Caching and the Application Stack

Let's examine an ideal target architecture for a simple implementation of an Interchange store, or stores. Note that we could also introduce load balancing layers to substantially boost capacity through horizontal scaling at multiple points in this stack, and if we did so we'd need to add those to our list to identify the impact of selecting a target cache point.

  • Browser
  • Reverse proxy (e.g., Varnish, Pound, nginx)
  • Web server (e.g., Apache httpd, nginx)
  • Interchange, with session storage
    • Database (e.g., MySQL)
    • Other applications (e.g., email server)
    • Web services (e.g., payment gateway)

The higher up the stack we can cache, the more scalable our solution becomes. Interchange comes with [timed-build] which can be used to great effect to cache database results in particular, but also potentially other applications that could produce bottlenecks in performance. Moreover, because Interchange assembles the document, this is the last point in the stack that we can (directly, if at all) partially cache a resource. However, having all requests reach Interchange is, itself, a scalability issue that would have to be resolved with either horizontal scaling or pushing our cache farther up the stack.

It's also possible to produce a static build of assets in the web server's doc space, keeping requests from reaching Interchange at all.

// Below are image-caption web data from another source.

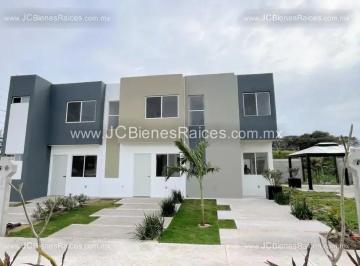 1 · Casa en Venta a 10 Minutos del Aeropuerto y de Plaza Tejeria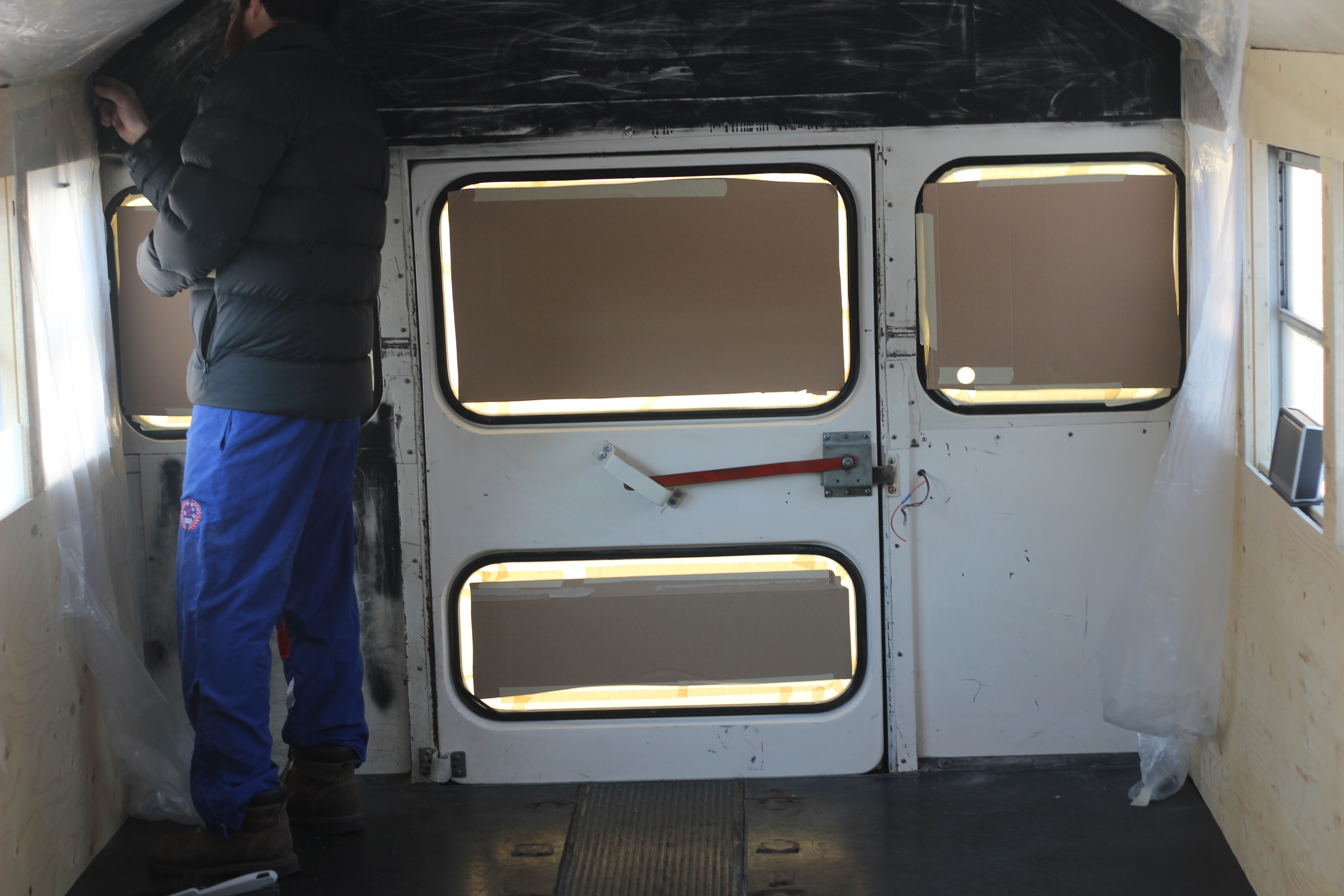 Друзья купили школьный автобус, и превратили его в дом на колесах из школьного автобуса дом на колесах, друзья переделали школьный автобус, австралийцы купили дом школьный автобус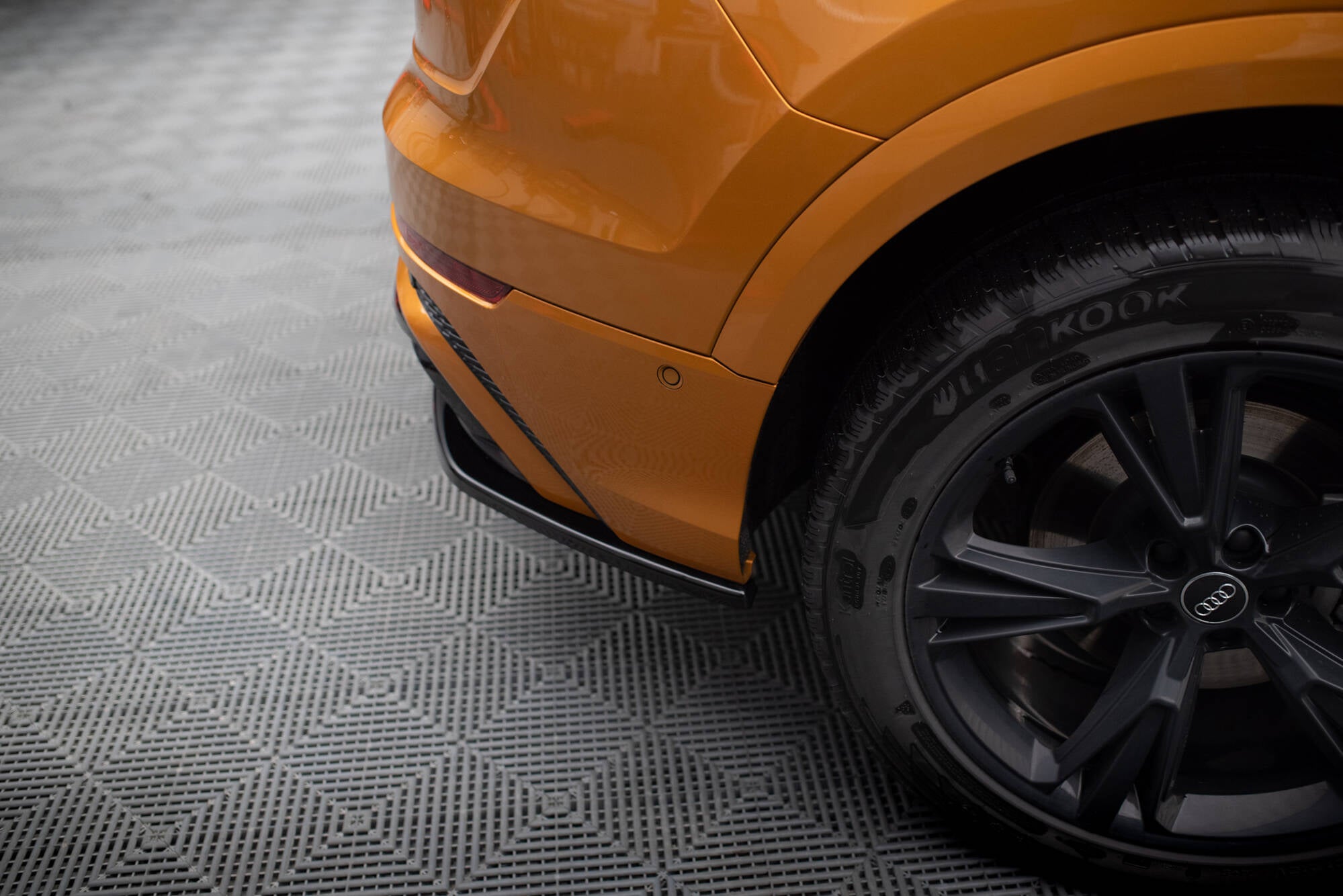 Rear side splitters audi q8 s-line mk1
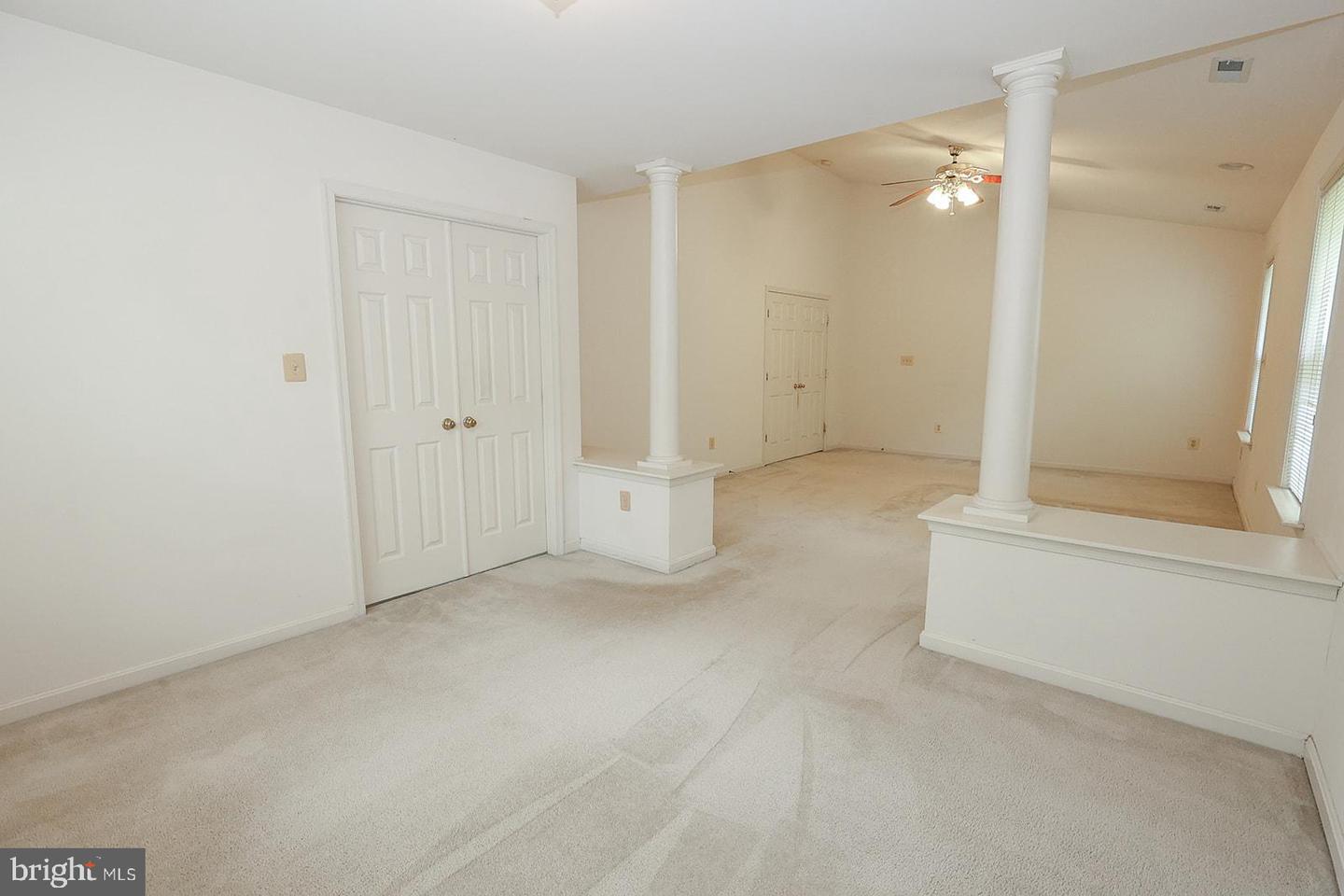 22601 Avenmar Dr Property Photo 51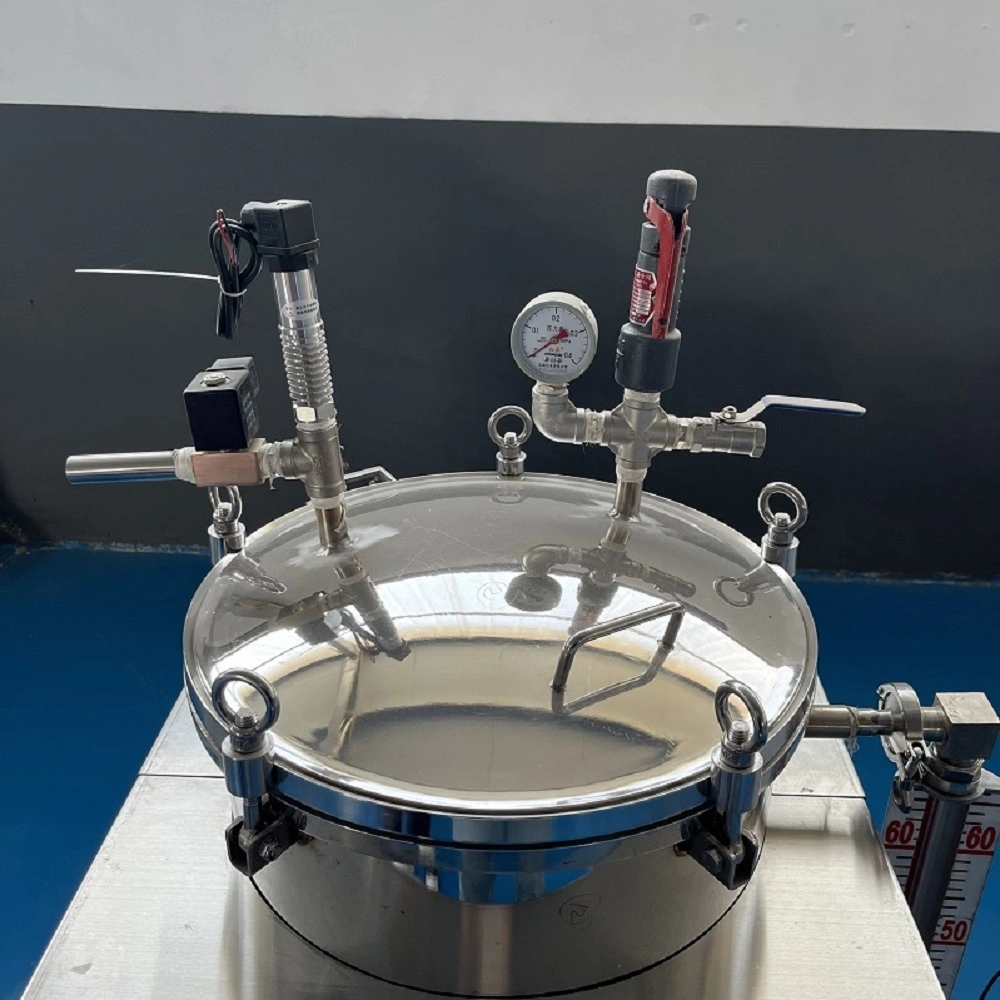 Digital Medical Sterilization Equipment Vertical Steam Autoclave Sterilizer Lab Instrument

And while responses from a web server will have considerably less overhead and better response times than Interchange, both building and maintaining a static repository of Interchange assets is going to take some effort and, ultimately, will require horizontal scaling to relieve overload.

Our target point for the cache described herein is at the reverse proxy. We want to control our cache using standard cache headers and an nginx configuration that uses the full URL for its cache keys. The reverse proxy is chosen because:

  • Very fast and efficient at delivering documents.
  • Low maintenance as we are able to have proxy engine keep its data storage fresh according to document headers.
  • Assets can now be massively scaled through 3rd-party CDNs requiring no infrastructure investment and maintenance that horizontal scaling solutions lower in the stack would.
  • Full URL cache keys and cache headers allow us extend our cache all the way to the browser, for those user agents that respect the cache headers.

Core Interchange Support for Full-Page Caching

To provide general support for full-page caching in Interchange, we found it necessary to introduce some core features into Interchange 5. These features are in final review internally and will be committed to core soon.


New boolean catalog configuration parameter that, when true, instructs Interchange not to write any cookies in a cacheable response. Cookies are inherently specific to the individual client being served and nginx will refuse to cache a resource containing Set-Cookie headers.


Value indicates to critical core code what the request's cache potential is. Three values:

  • undef - unknown, could be cached, but hasn't been explicitly identified
  • true - cannot be cached. Indicates the requested resource is user-dependent and may produce different results for the same URL for different users.
  • false (other than undef) - explicitly treat as a "can be cached" resource. This setting can be used to reverse override other cache overrides.

The ternary nature of Volatile allows a developer to explicitly control the caching behavior of any given resource if circumstances require an adjustment to the default behavior.


New container tag whose body will only interpolate if the value of $::Instance->{Volatile} at the time of interpolation is false. Tag is particularly useful for placing settings for cache headers on shared resources (includes files, components, etc.) where the final document may or may not be cacheable.


Catalog configuration parameter that takes the name of a catalog or global sub to execute just prior to Interchange writing its Set-Cookie headers. Setting was inspired by the need to maintain portions of the session on the client via cookies to allow some more stubborn session-dependent resources to be cacheable.

Obstacles to Full-Page Caching in Interchange

Standard coding practices in a typical Interchange catalog interfere with full-page caching in a number of ways, primarily:

  • Liberal coupling of resources with user sessions
  • Searches common to all site users (e.g., category lists) generate saved search objects that force session coupling
  • Heavy reliance on non-RESTful URLs, primarily those generated by the process actionmap

In most circumstances, these practices can be altered to produce fully cacheable resources, and particularly if the most heavily used components of the site are addressed first, such as the home page and category lists.

Catalog Changes to Mitigate Caching Obstacles

Precisely what changes are required depends on the specific coding practices used for the resources in question. However, there are a number of typical usage patterns that will to some degree affect almost all Interchange catalogs.

Use RESTful URLs

Avoid unnecessary dependence on the process actionmap, which is often used liberally precisely because it gives lots of hooks into cool and useful features. Avoid any other use of common URLs that produce varying resources based on session dependence.

Take advantage of writing custom actionmaps, which allow the developer extreme flexibility in URL construction. Because actionmaps make it easy and straightforward to produce unique URLs, they are ideal both for creating cacheable resources and fine-tuning SEO.

Permanent More for Category Lists

By default, search objects which Interchange uses for more lists, are restricted to access from the generating user's session. This is a safeguard as often search results include personal data for access only to the requestor. However, for features such as category lists, this creates a difficult burden for the developer who wishes to cache the popular resources and whose results are identical across all users.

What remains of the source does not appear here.